> [Try it]
Lines outside the range are not wanted. Give again exactly the lines between the line holding "Honold, Ernst: Drachen" and the line holding "Preview of FCS", inclusive, from the listing below.

··· The input

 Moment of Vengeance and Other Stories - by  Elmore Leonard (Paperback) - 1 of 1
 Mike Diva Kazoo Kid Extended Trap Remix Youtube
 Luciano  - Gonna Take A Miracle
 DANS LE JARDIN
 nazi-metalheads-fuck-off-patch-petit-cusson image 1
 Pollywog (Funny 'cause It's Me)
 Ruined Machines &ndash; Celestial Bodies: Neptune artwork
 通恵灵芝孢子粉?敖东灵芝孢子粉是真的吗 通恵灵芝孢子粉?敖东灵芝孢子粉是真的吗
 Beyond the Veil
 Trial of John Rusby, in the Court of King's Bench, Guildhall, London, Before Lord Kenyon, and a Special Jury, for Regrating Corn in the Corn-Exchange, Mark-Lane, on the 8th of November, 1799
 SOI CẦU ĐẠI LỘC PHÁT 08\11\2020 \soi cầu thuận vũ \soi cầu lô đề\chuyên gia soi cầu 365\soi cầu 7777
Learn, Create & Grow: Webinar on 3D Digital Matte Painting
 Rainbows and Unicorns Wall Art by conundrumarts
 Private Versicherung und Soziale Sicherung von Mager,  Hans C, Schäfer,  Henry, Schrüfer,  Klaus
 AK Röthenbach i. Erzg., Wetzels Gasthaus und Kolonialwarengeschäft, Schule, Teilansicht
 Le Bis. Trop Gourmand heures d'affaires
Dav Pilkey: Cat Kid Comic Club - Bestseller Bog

······
··· The input

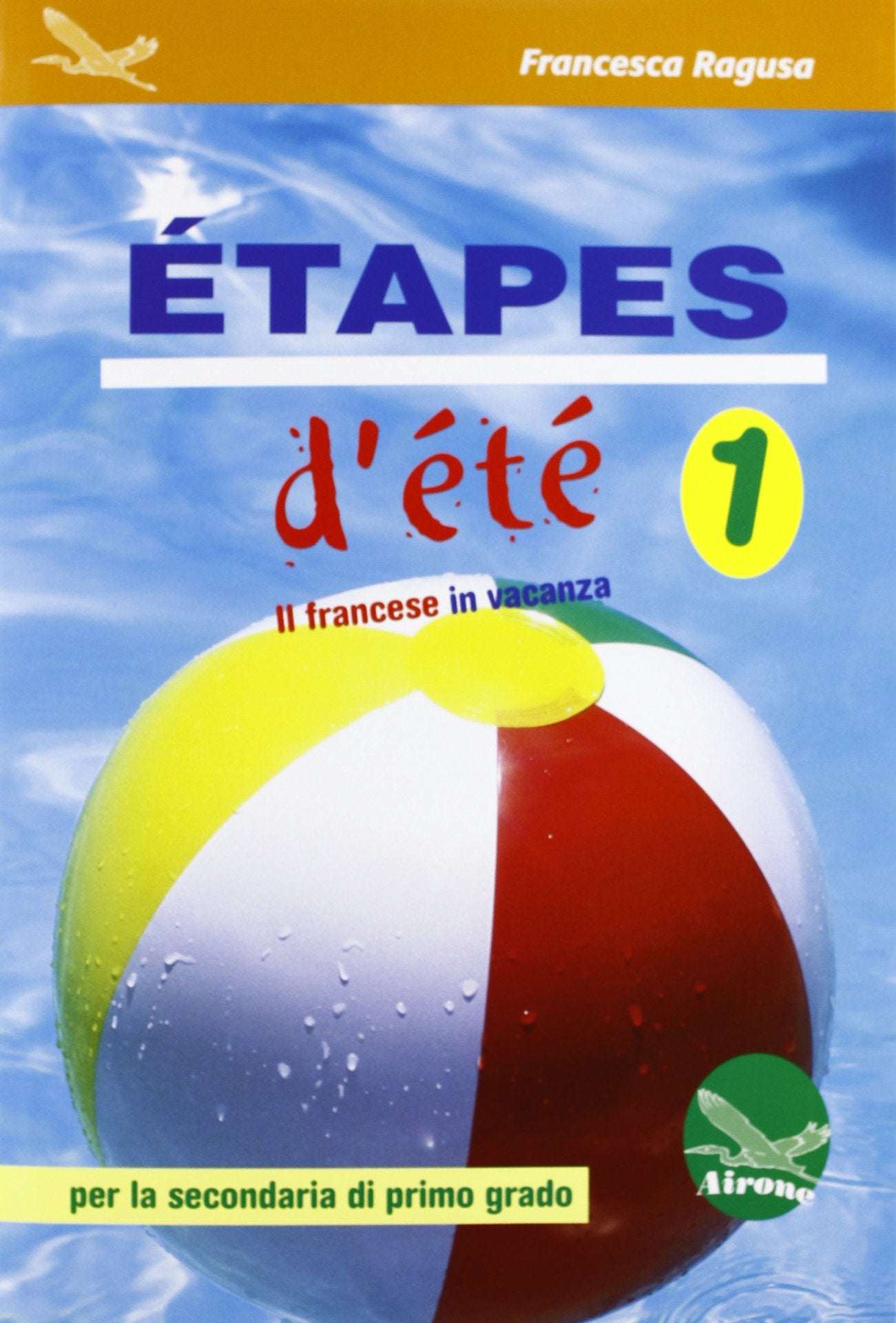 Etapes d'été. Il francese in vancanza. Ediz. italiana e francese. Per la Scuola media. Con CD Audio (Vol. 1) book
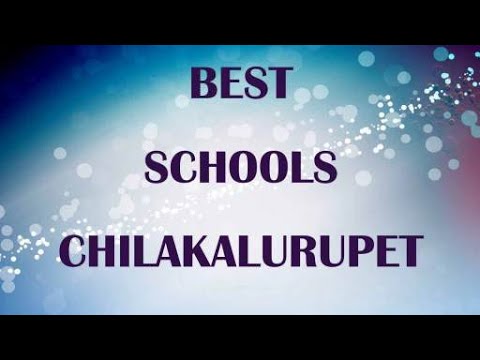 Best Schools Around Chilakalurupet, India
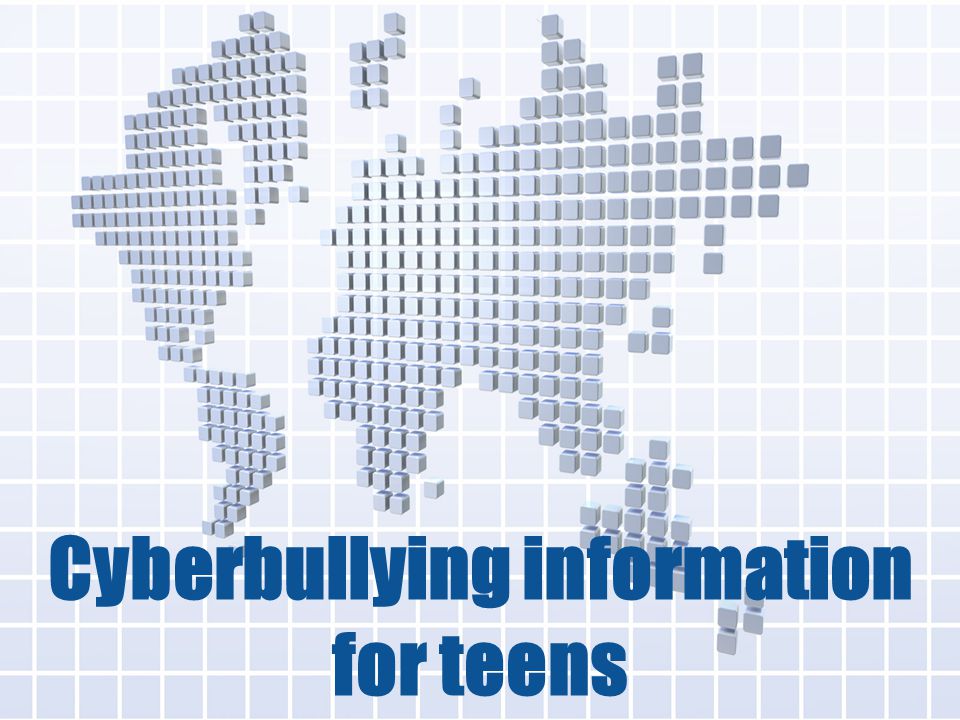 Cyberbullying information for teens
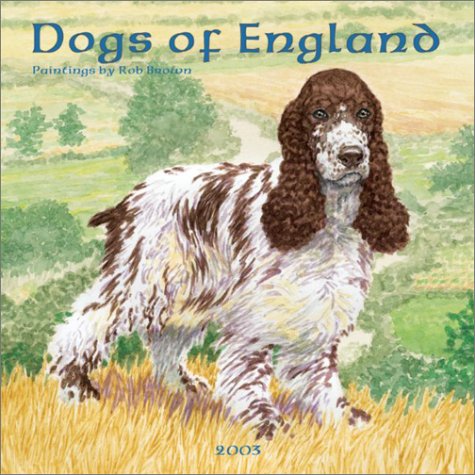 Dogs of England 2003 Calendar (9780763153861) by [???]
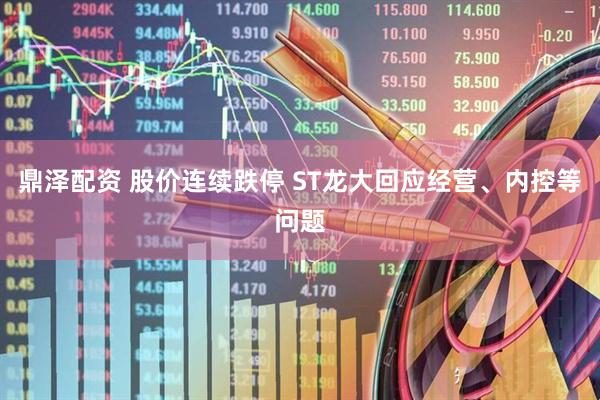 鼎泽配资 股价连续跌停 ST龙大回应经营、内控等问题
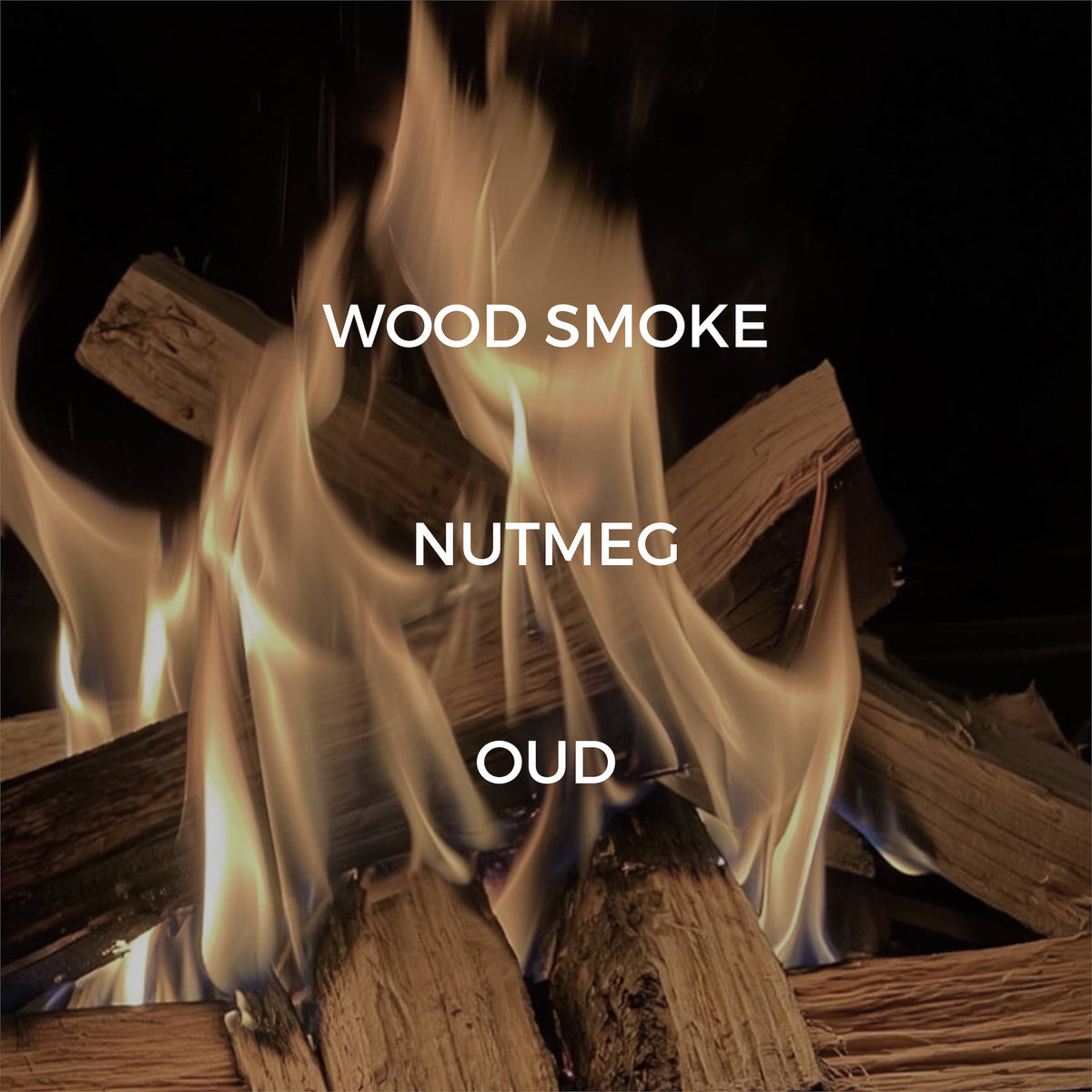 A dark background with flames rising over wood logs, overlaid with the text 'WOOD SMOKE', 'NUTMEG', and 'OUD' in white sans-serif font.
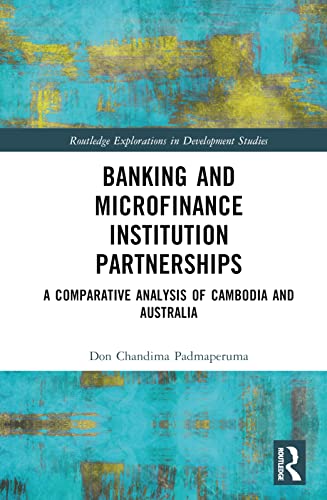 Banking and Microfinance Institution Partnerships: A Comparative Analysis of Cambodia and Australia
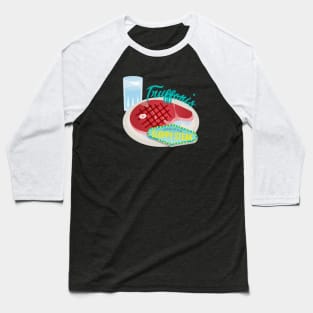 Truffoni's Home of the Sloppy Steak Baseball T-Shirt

······
··· The input

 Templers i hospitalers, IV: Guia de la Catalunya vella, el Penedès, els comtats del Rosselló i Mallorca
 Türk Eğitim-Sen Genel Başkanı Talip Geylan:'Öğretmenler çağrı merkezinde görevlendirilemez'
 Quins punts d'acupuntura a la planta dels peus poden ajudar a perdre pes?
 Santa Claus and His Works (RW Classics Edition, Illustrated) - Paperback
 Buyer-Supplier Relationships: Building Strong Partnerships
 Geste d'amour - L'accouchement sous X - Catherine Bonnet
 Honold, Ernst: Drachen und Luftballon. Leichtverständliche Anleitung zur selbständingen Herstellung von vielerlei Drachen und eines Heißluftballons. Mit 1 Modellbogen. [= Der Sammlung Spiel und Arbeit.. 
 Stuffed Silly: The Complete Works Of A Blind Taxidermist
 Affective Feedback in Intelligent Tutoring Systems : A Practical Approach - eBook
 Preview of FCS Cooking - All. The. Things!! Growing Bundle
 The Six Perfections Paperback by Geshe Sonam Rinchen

······

> [Exercise output]
 Honold, Ernst: Drachen und Luftballon. Leichtverständliche Anleitung zur selbständingen Herstellung von vielerlei Drachen und eines Heißluftballons. Mit 1 Modellbogen. [= Der Sammlung Spiel und Arbeit.. 
 Stuffed Silly: The Complete Works Of A Blind Taxidermist
 Affective Feedback in Intelligent Tutoring Systems : A Practical Approach - eBook
 Preview of FCS Cooking - All. The. Things!! Growing Bundle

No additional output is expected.